A description of the model and data is given here: skewed_re.pdf
It is customary to assume that random effects are normally distributed. Skrondal and Rabe-Hesketh (2004, Section 14.2) consider a measurement error problem, and compare the following two models:
- Random effects normally distributed
- Non-parametric model for the random effects A description of the model and data is given here: skewed_re.pdf. The non-parametric model 2) indicates that the random effects distribution is skewed to the right.
In this example we show:
- how to implement the model with normal random effects in ADMB-RE (diet.tpl) and
- how to modify the the program to obtain skewed random effects (diet_sk.tpl). Only a small number of changes are needed to modify the ADMB-RE code to implement the skewed random effects.
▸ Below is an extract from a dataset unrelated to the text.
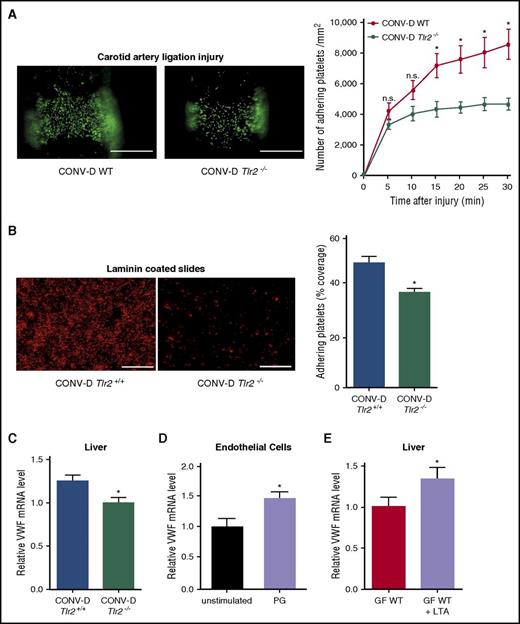 Figure 6. Impaired platelet deposition of colonized Tlr2−/− mice is restored by colonization of GF WT and GF Tlr2−/− mice. (A) Deposition of DCF, 5- (and 6) carboxy-2’,7’-dichlorofluorescein diacetate (carboxy-DCFDA)-stained platelets (green) to the ligation-injured common carotid artery in CONV-D WT (left) or CONV-D Tlr2−/− (right) mice 30 minutes after transient ligation (second generation offspring: mice were taken out from the germ-free environment and the second generation of these mice was analyzed; aged 8-14 weeks). Scale bar, 200 µm (8 mice per group). (B) Deposition of Rhodamin B–stained, washed platelets (red) from CONV-D WT (Tlr2+/+) or CONV-D Tlr2−/− mice to laminin. Representative images, scale bar, 100 µm; quadruplicate measurements (3 mice per group). (C) VWF mRNA expression in the livers of CONV-D WT (Tlr2+/+) or CONV-D Tlr2−/− mice (6-7 mice per group). (D) VWF mRNA expression of PG-stimulated (10 µg/mL, 2 h) HUVECs (N = 5-6 per group). (E) Hepatic VWF mRNA expression of GF C57BL/6 mice treated with lipoteichoic acid (LTA) (10 µg/mL) in drinking water for 7 days (6-7 mice per group). Mean ± SEM, independent-sample Student t tests or repeated measurement ANOVA (mixed model), *P < .05. n.s., not significant.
By looking at the result files (diet.par and diet_sk.par) we observe the following:
- The estimated parameters under the normal model match very closely the estimates in Table 14.1 of Skrondal and Rabe-Hesketh (2004).
- The log-likelihood value for the normal model is -1372.35, while the log-likelihood for the model with skewed random effects is -1326.49. Hence, given that the skewed model only contains one extra parameter, it gives a much better fit to data.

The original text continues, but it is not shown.